Review: Bastion

It's not like the world is coming to an e--Oh.
Aw, c'mon Kid! Cheer up!

Guten tag, LusipurrCom! Between having a full-time summer job, finishing off summer classes, and preparing for fall, scheduling has not permitted some writers of this site to play many of the games they would like to review. And for a writer of a gaming site, that is a horrid situation. Luckily, there are different ways to get a gaming fix. Steam and Xbox Live Arcade have both been excellent sources of downloadable demos and arcade games that many people have been playing for the past few months in their spare time, and one in particular has been most captivating: Bastion, an action-RPG released back in July by Supergiant Games.

Bastion tells the story of the The Kid, a young man who finds himself in the floating ruins of his world after sleeping through an event known as the Calamity. After finding his way to the titular Bastion–a place of safety his people were told to go in case of an extreme emergency–he meets up with Rucks (The Kid’s mentor and narrator of the game) and finds that the Bastion is unfinished and broken. In order to restore the Bastion and use it to “fix” the world, the Kid sets out on a quest to find the necessary crystalline components, as well as additional survivors. Bastion’s story is simple, yet presented in a unique and complex way: instead of being revealed through text crawls, the backstory of the city of Caelondia and its people are revealed by the game’s “dynamic narration” and the environment. Rucks comments on on nearly every action The Kid takes, but never repeats the same lines. Initially, one would think that the narration would become annoying to listen to, Rucks’ voice itself became an integral part of the story. Without his off-hand comments on the Kid’s weapon choices, or his reminiscing over his days in the Caelondian Army, much of Bastion‘s atmosphere and feel would be lost.

Bastion Gameplay
The Kid must survive in the remnants of his old home to forge a new one.

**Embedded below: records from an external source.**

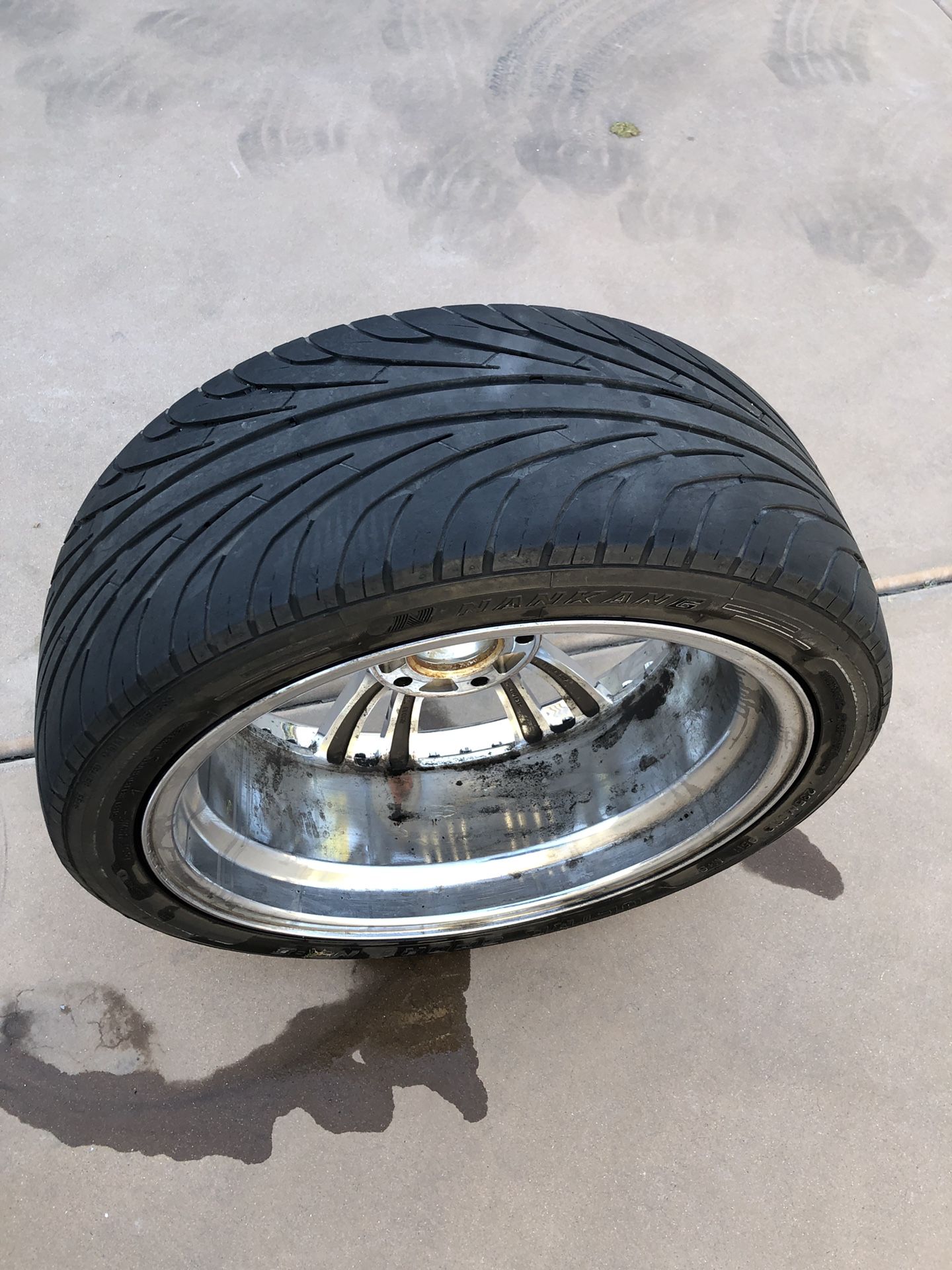 Chrome Rims and tires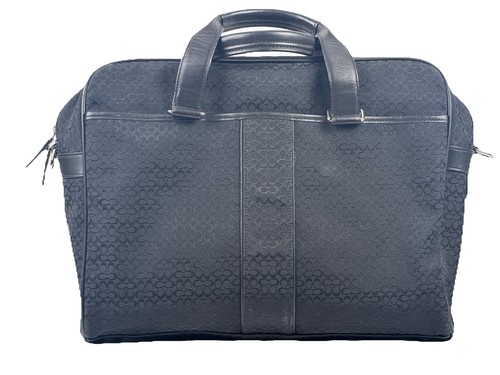 Coach Hudson Signature Aktentasche Schultertasche Computertasche schwarz F70058 - Bild 6 von 19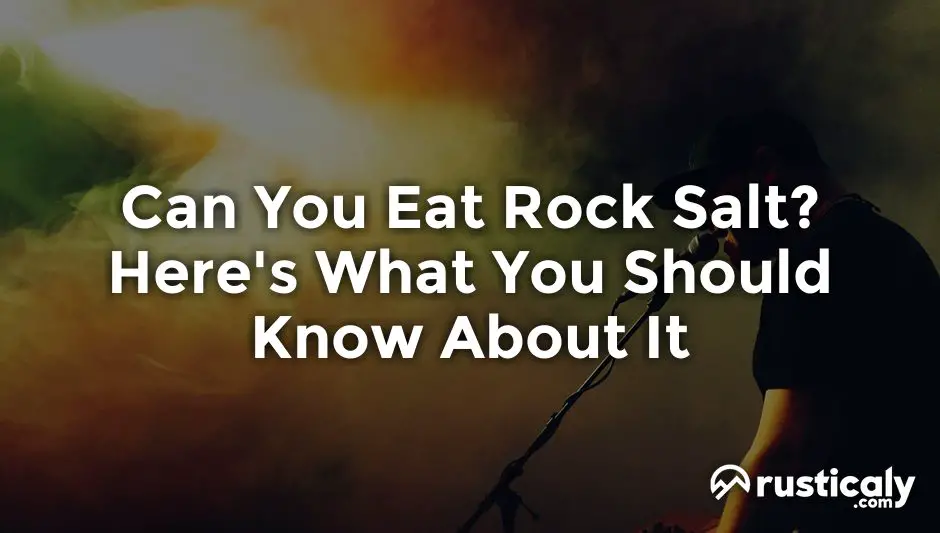 can you eat rock salt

Gameplay in Bastion is fast-paced and fun. Drawing cues from games such as Diablo and Gaunlet, Bastion‘s gameplay takes place entirely in isometrically-aligned stages populated with monsters. What sets Bastion apart from these other games, however, is the way it handles map exploration: as The Kid progress across levels in Bastion, the terrain literally flies up under his feet, leaving players to guess how a map will form. This often leads to interesting puzzles or limitations that test combat skills, or even exciting escapes when the terrain begins to plummet back down again. The combat lends itself well to the pace of the game. Combat itself has no inherent flaws, and as the Kid finds more and more weapons and secret combat skills players will begin to find combinations of weapons they enjoy. Each weapon can be upgraded in certain directions, further specializing their utility, damage potential, or both. These upgrades should be chosen wisely, for while the enemies in Bastion are not necessarily difficult to defeat, they often attack in large numbers and with tactics and placement that may prove overwhelming.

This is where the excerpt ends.